I was wondering if anyone was able to find a way to set the EOS R so that when you half-press the shutter button, if you are in focus magnifier, it will exit so that you can see the full screen again.

Half-pressing on most of the Fuji or Sony mirrorless cameras exits the magnifier screen but can't figure it out on Canon.

For the interim, I'm using the right M-fn bar and the record button for focus magnifier.


----------



## Dockland (Nov 28, 2019)

iamTTboy said:


> I was wondering if anyone was able to find a way to set the EOS R so that when you half-press the shutter button, if you are in focus magnifier, it will exit so that you can see the full screen again.
> 
> Half-pressing on most of the Fuji or Sony mirrorless cameras exits the magnifier screen but can't figure it out on Canon.
> 
> For the interim, I'm using the right M-fn bar and the record button for focus magnifier.


It's working on my 5D IV without any hassle. You might have a faulty device perhaps?


----------



## iamTTboy (Nov 28, 2019)

Dockland said:


> It's working on my 5D IV without any hassle. You might have a faulty device perhaps?


not sure, I don't have a 5D IV to compare with, only a 6D


----------



## Dockland (Nov 28, 2019)

iamTTboy said:


> not sure, I don't have a 5D IV to compare with, only a 6D


Ah, i find it a bit hard that Canon "removes" features. They usually add functionality. If it's not a bug in FW?


----------



## steen-ag (Nov 28, 2019)

Just turn the fucusring and it will magnify 5 or 10 times


----------



## iamTTboy (Nov 28, 2019)

Dockland said:


> Ah, i find it a bit hard that Canon "removes" features. They usually add functionality. If it's not a bug in FW?

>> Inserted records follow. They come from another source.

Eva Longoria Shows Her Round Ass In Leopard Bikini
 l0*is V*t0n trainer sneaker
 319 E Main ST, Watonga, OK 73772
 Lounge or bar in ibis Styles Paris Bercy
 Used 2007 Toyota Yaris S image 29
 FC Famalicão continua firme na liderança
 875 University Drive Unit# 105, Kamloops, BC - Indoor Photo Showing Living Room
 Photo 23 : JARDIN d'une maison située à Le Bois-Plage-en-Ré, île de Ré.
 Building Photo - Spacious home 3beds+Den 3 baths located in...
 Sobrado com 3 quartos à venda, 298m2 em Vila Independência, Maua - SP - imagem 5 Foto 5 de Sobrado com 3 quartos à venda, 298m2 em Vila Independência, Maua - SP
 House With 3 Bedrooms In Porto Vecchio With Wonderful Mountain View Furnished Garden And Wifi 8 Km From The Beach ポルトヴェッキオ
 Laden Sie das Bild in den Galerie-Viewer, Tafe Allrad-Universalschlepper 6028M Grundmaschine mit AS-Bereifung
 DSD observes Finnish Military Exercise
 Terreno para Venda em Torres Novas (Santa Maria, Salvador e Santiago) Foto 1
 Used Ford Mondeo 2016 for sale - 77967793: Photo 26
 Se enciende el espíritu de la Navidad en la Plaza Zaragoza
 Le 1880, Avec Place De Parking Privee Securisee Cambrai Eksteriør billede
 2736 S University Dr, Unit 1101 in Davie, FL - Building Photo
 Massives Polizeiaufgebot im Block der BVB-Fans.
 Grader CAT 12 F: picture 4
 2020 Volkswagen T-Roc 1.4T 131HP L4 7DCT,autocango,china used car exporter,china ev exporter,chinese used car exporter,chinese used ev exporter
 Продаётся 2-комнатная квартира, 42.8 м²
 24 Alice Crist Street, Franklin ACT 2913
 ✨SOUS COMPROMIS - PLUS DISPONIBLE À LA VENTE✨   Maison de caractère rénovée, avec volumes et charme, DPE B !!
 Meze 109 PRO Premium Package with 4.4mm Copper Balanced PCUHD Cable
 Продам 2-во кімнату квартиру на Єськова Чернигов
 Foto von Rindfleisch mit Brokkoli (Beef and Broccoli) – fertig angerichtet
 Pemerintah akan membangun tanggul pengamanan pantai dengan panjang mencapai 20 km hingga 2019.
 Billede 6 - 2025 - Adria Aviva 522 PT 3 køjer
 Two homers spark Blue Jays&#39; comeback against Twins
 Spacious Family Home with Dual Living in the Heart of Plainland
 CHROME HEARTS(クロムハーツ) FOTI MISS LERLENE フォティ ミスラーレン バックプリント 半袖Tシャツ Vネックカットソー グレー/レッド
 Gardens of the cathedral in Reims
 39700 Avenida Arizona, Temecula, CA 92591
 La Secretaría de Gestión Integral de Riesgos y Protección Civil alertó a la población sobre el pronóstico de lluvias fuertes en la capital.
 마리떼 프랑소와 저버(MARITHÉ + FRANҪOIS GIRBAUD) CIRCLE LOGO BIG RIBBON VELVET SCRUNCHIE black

the EOS R Menu and Settings feels limited and incomplete to me. I hope they release an update to fix this the exit magnify screen.



steen-ag said:


> Just turn the fucusring and it will magnify 5 or 10 times



forgot to mention I am using legacy non Canon lenses with no focus chip (Leica M and Pentax lenses) on my Canon EOS R


----------